◆ TASK OBJECTIVE ◆
Quote the lines below from the one containing "Kingfisher with fish" to the final line, both ends included; exclude the pictures.
* * * *
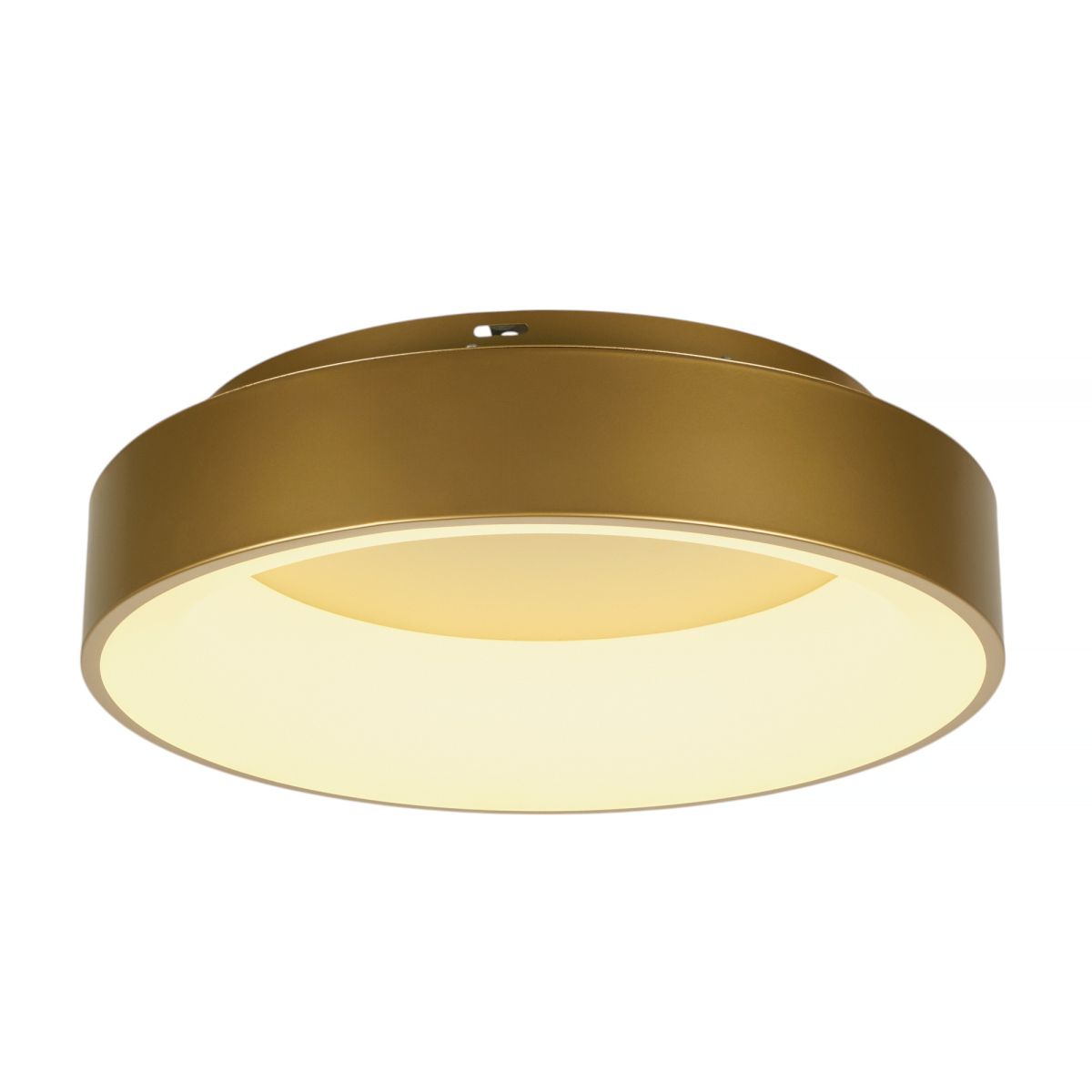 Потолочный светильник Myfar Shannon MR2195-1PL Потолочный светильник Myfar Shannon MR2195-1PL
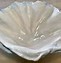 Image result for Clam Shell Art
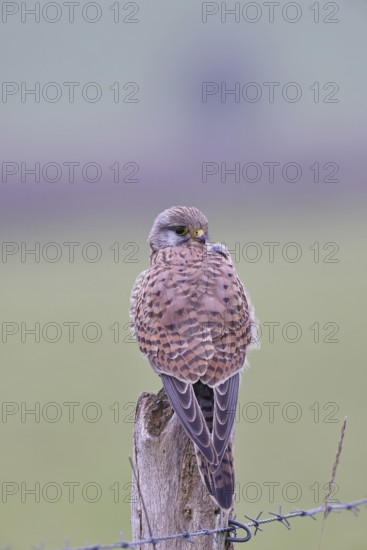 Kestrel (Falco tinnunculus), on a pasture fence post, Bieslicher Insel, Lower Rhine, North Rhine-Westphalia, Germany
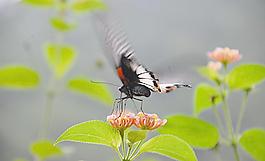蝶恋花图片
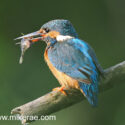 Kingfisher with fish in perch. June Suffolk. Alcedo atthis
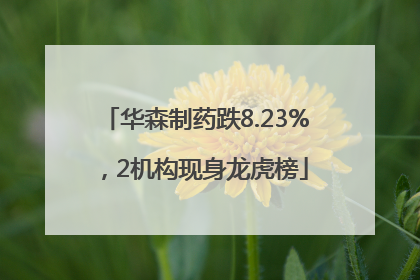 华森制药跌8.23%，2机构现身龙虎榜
* * * *
◆ TASK OUTPUT ◆
 Kingfisher with fish in perch. June Suffolk. Alcedo atthis
 华森制药跌8.23%，2机构现身龙虎榜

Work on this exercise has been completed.